Experimental investigation of the pressure oscillations induced by subsonic steam jets under different vessel pressures

Abstract

An experimental study has been conducted to investigate the characteristics of subsonic steam jet condensation pressure oscillations in the ranges of steam mass flux 50–90 kg/m2s, water temperature 20–90 °C and vessel pressure 0.1–0.4 MPa. High-frequency dynamic pressure and high-speed images of the steam bubble condensation process are recorded and analyzed. It is found that the steam bubble necking frequency increases with steam mass flux and decreases with water temperature.
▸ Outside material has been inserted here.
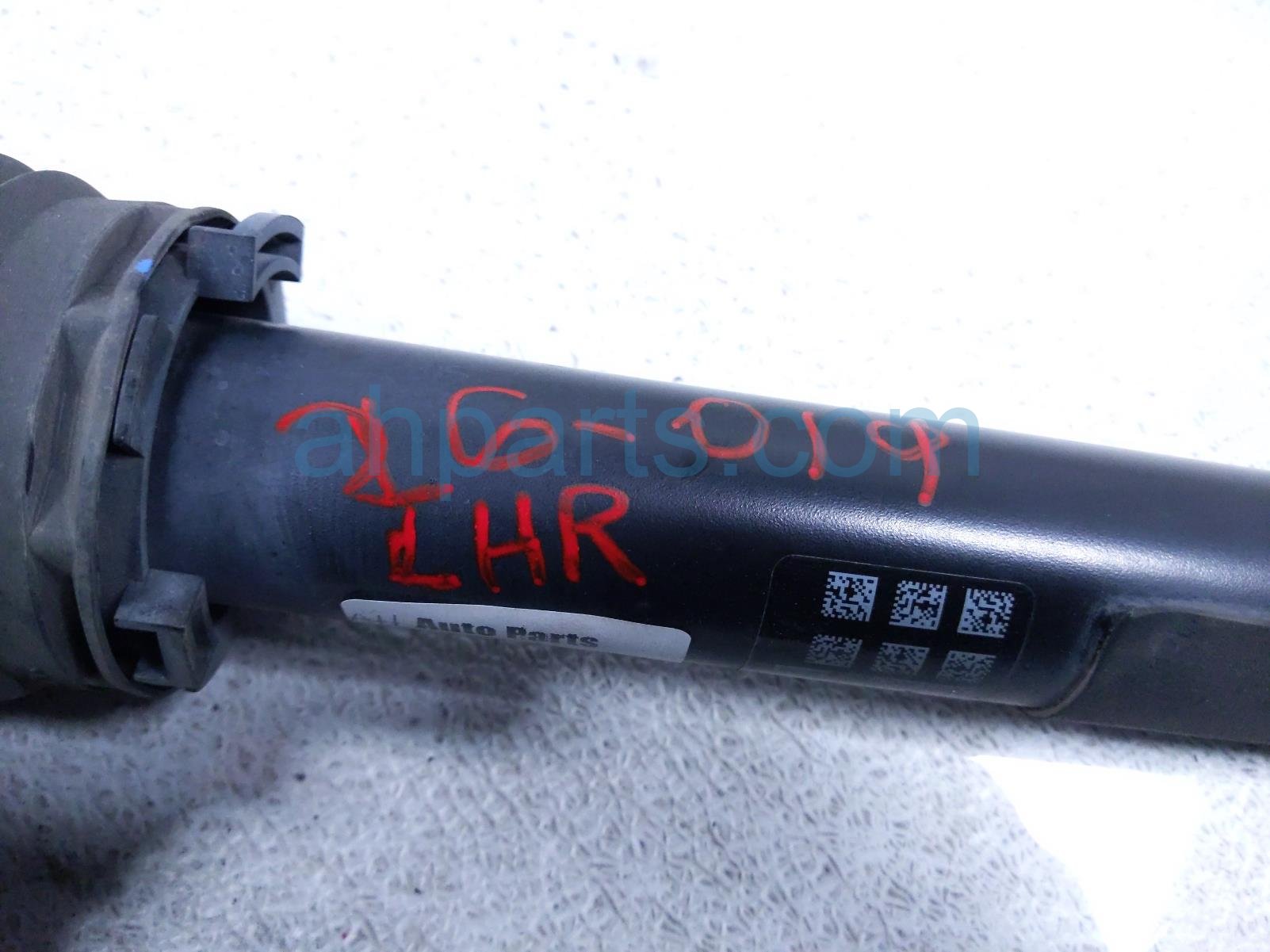 2022 Acura MDX Strut / Spring / Rear Driver Shock Absorber 52621 TYA A03 Replacement 2022 Acura MDX Strut / Spring / Rear Driver Shock Absorber 52621 TYA A03 Replacement thumbnail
The vessel pressure also has an effect on the steam bubble necking frequency. The pressure oscillation intensity in the pipe increases with the steam mass flux in the condensation oscillation region, but the trend in the chugging region is opposite. The vessel pressure can strengthen the internal pipe pressure oscillation in the chugging region. The pressure oscillation intensity in the pool increases initially, but then decreases rapidly with the water temperature. The water temperature where the pressure oscillation intensity becomes maximum shifts lower with increasing vessel pressure. An equation correlating the Strouhal number, Reynolds number and Jakob number is developed and can predict the experimental data obtained under 0.1 MPa vessel pressure with a deviation within ± 10%. A dimensionless pressure term is added in the correlation to be applied for 0.2–0.4 MPa conditions and the maximum discrepancy between the predicted values and experimental results is within ± 15%.